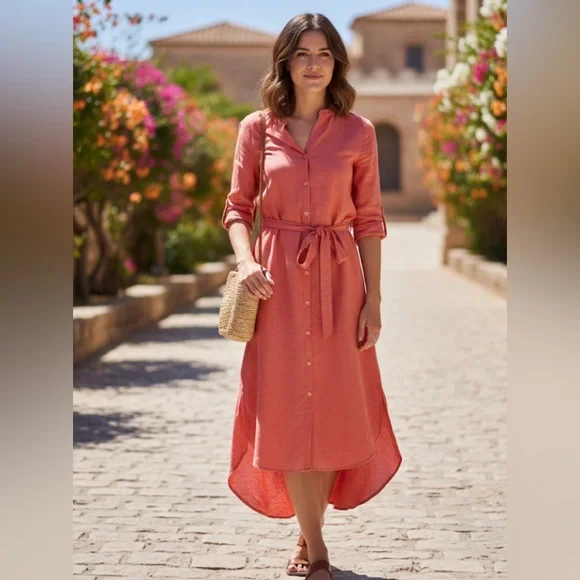 Loft Linen Blend Button Front Long Sleeve Tie Maxi Shirt Dress Coral‎ Size S - Picture 10 of 10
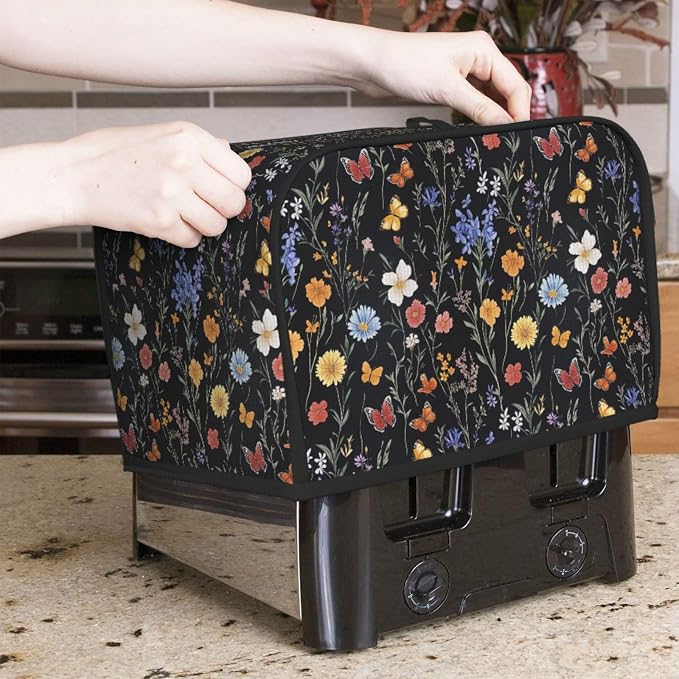 2 Slice Toaster Cover Vintage Botanical Flower Wildflower Dust Proof Washable Kitchen Appliance Cover with Pocket, Oxford Fabric Countertop Toaster Protector for Standard Toasters Small Appliances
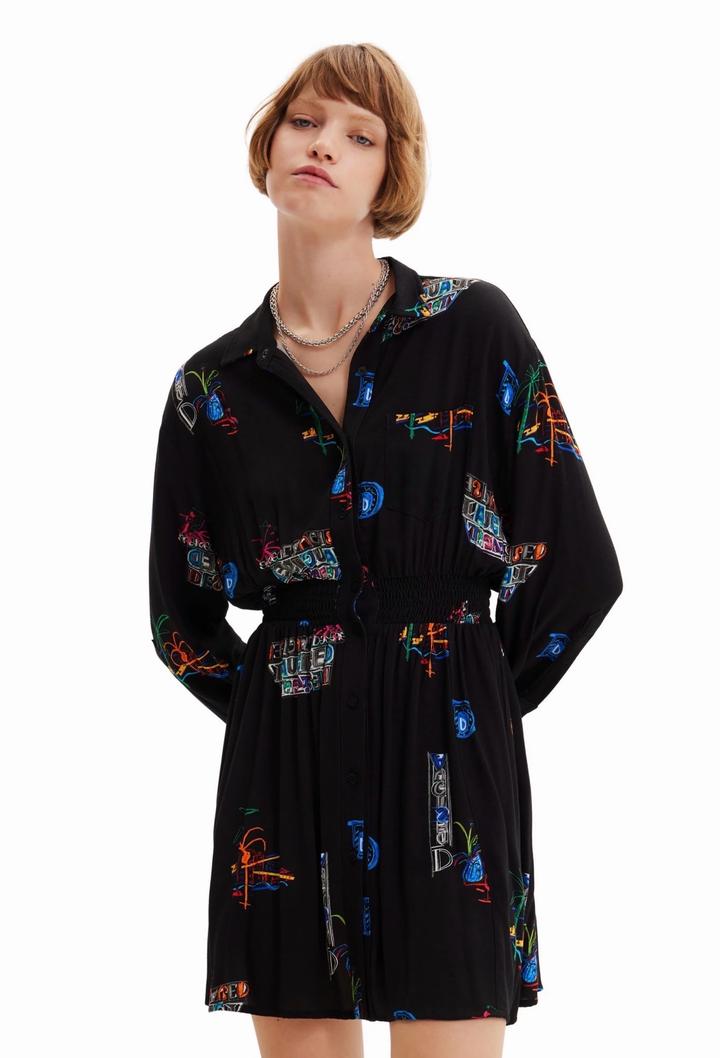 Черное платье desigual с принтом испанского художника Хавьера Марискаля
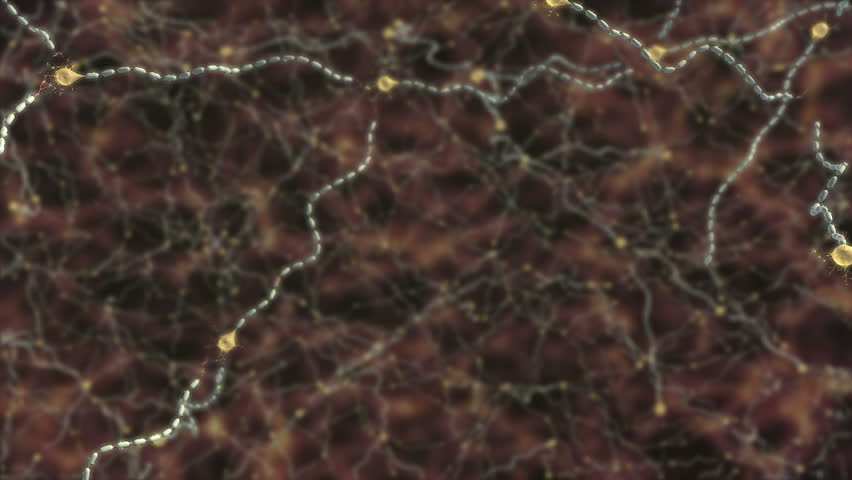 3D animation with damage on multiple neurons highlighted, caused by multiple sclerosis that can disrupt action potential conduction down axon slowing neurotransmission between neurons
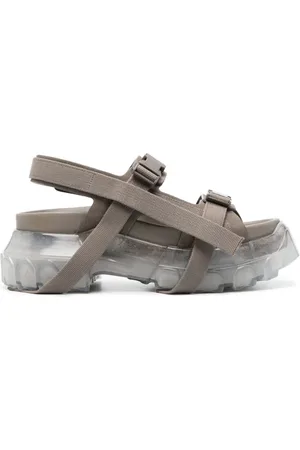 Rick Owens 65 mm kraftige sandaler i ruskind med plateausål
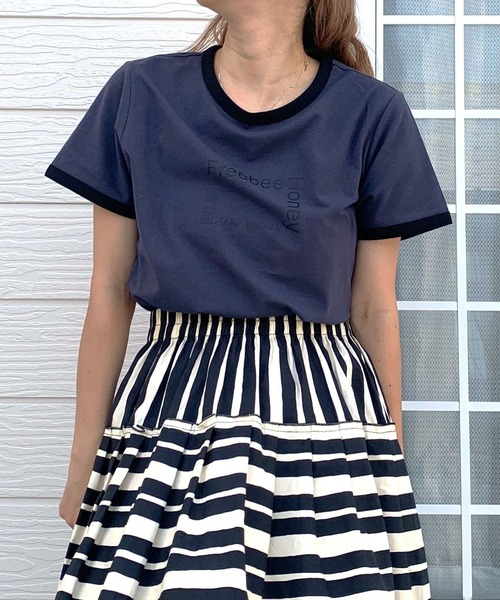 Q（キュー）の「リンガーロゴプリントT（Tシャツ/カットソー・レディース・ネイビー/オリーブ・MEDIUM）」の17枚目の写真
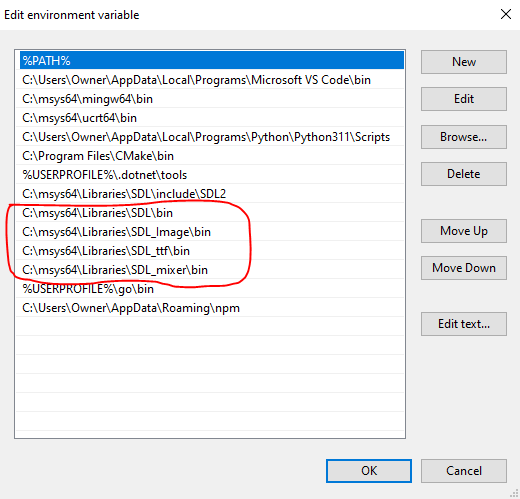 SDL folders in the Path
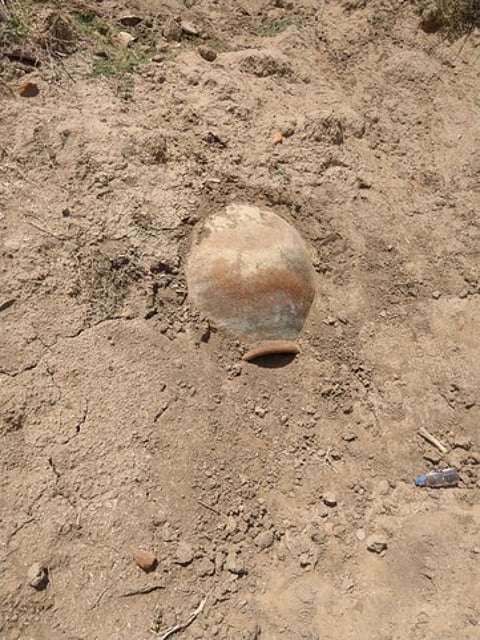 குட்டையில் புதைந்திருந்த முதுமக்கள் தாழி.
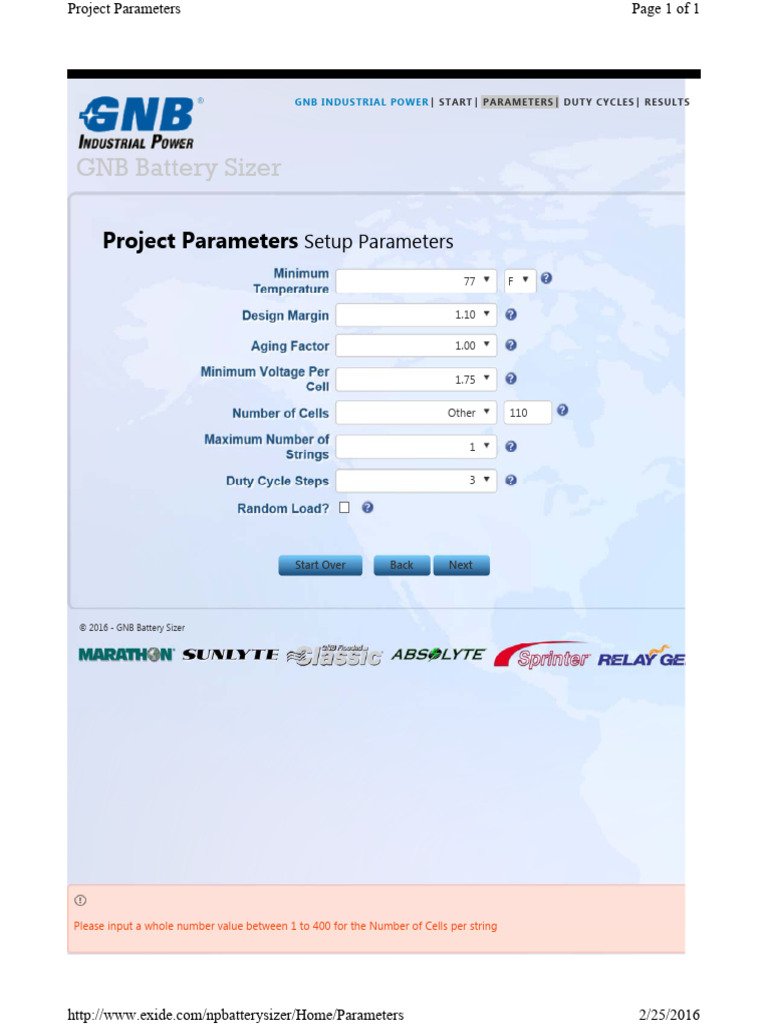 GNB Battery Sizer Tool Parameters | PDF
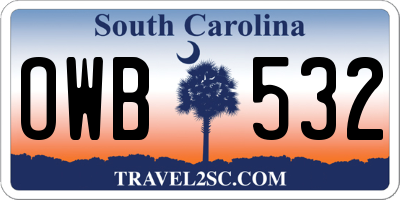 SC license plate OWB532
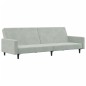 vidaXL Sofá cama de 2 plazas con taburete terciopelo gris claro vidaXL Sofá cama de 2 plazas con taburete terciopelo gris claro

== == ==

__PROBLEM STATEMENT__
Please output, exactly as written, the lines above from the one holding "Черное платье desigual" through the one holding "3D animation with", both included, with the pictures omitted.

__TASK OUTPUT__
 Черное платье desigual с принтом испанского художника Хавьера Марискаля
 3D animation with damage on multiple neurons highlighted, caused by multiple sclerosis that can disrupt action potential conduction down axon slowing neurotransmission between neurons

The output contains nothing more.